### Description of the task
Range to repeat from the listing below: the line containing "Build Your Content" down to the line containing "萬州裝修公司十大排名(周口裝修公司十大排名)", both included. Copy it exactly, pictures excluded, and add nothing else.

### The data
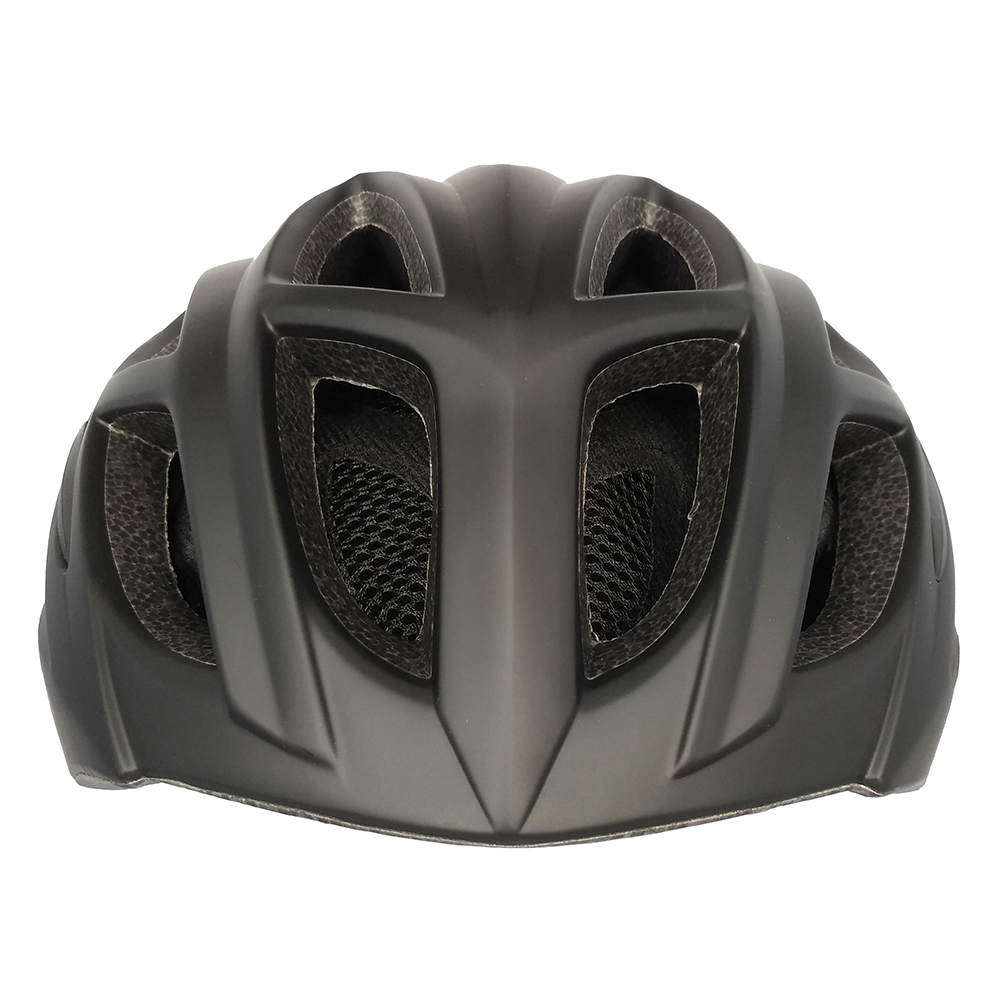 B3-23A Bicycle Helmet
* * *
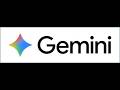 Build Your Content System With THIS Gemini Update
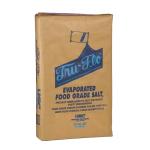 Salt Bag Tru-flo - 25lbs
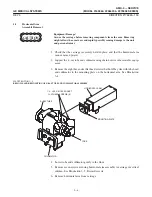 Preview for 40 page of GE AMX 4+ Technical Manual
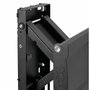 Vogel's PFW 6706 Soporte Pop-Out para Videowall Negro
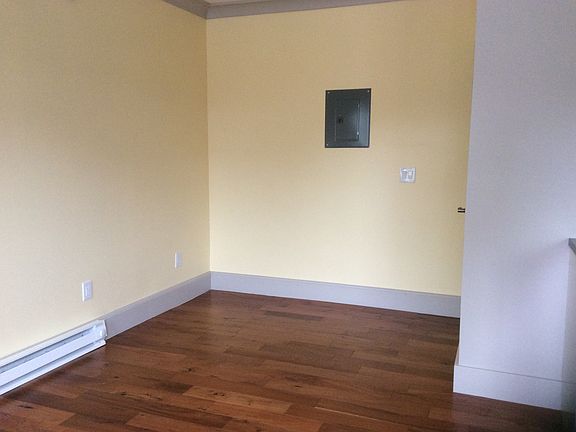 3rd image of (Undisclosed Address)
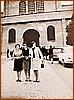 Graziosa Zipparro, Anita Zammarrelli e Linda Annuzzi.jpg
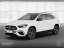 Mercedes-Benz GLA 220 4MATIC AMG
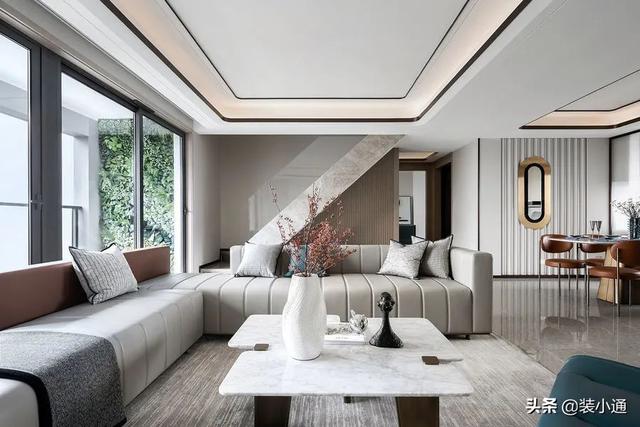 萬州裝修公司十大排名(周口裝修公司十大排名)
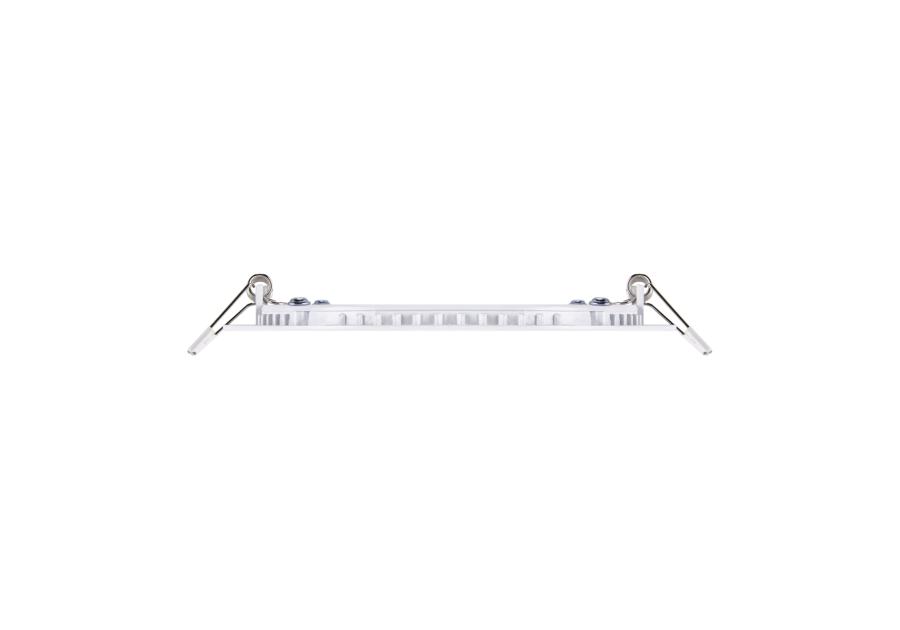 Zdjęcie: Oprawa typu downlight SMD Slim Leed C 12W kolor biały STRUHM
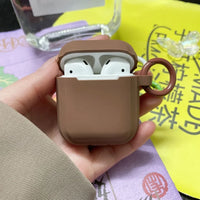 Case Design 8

### Solution to this problem
 Build Your Content System With THIS Gemini Update
 Salt Bag Tru-flo - 25lbs
 Preview for 40 page of GE AMX 4+ Technical Manual
 Vogel's PFW 6706 Soporte Pop-Out para Videowall Negro
 3rd image of (Undisclosed Address)
 Graziosa Zipparro, Anita Zammarrelli e Linda Annuzzi.jpg
 Mercedes-Benz GLA 220 4MATIC AMG
 萬州裝修公司十大排名(周口裝修公司十大排名)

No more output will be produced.